New CA Internet Bill Sparks Privacy Fears

Under a proposed law, many people who use social media would be forced to provide personal information to the state of California.

According to Senate Bill 1228, a person is considered influential if their content was seen by over 25,000 people throughout the lifespan of their account. This includes both original and shared content.

According to the legislation’s sponsor, Democrat Senator Steve Padilla, it would apply to people with over 25,000 followers.

This bill would require a large online platform to verify the identity of influential users by asking them to review their government-issued identification and using other means chosen by the platform. It would also require the platform to confirm the name, email address, and telephone number of highly influential users.

This bill proposes an obligation for major online platforms to disclose on user profiles, in font size and visibility comparable to the user’s name, if the user has been verified authenticated in accordance with the aforementioned provisions. Additionally, platforms are obligated to include a notation that a reasonable person would interpret as indicating whether a user has been verified or not in any post made by these users.

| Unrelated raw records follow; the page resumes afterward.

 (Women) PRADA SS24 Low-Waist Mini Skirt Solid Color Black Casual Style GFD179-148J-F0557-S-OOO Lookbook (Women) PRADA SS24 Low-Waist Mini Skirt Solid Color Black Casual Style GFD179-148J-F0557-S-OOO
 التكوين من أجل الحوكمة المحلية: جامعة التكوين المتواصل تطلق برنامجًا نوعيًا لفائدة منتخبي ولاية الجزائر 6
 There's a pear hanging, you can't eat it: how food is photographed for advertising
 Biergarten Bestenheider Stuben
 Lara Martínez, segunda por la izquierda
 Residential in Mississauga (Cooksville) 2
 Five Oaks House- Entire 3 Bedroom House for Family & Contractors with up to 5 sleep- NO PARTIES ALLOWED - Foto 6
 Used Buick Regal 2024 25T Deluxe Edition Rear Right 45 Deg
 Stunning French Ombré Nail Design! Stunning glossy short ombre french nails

The state may enforce legislation that makes certain users seem more trustworthy compared to others depending on the authenticated designation, even if individuals could remain anonymous.

The far-left organization California Common Cause, which has previously filed legislation to combat electoral disinformation with Padilla, supports it.

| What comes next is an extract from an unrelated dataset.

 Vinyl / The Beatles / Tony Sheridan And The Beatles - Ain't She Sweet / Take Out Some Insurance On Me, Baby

Included in the submitted bundle of proposals are measures concerning deepfakes and artificial intelligence.

Malicious actors and foreign bots have been given the capacity to make false movies and photographs and transmit misinformation to millions at the push of a button, Padilla said. Padilla claims they can filter out accounts trying to tamper with social media feeds by checking the identity of individuals with a lot of followers.

Unless the bad actors ‘deep fake’ their identification. Then what?

A report shows that while the law is broad,  it’s more restrained than that of then-presidential candidate Nikki Haley’s plan to force social network users to reveal their identities. She also framed public identity as a method to police online decency since individuals would realize their pastor and family may see everything they write. She recanted after seeing the backlash.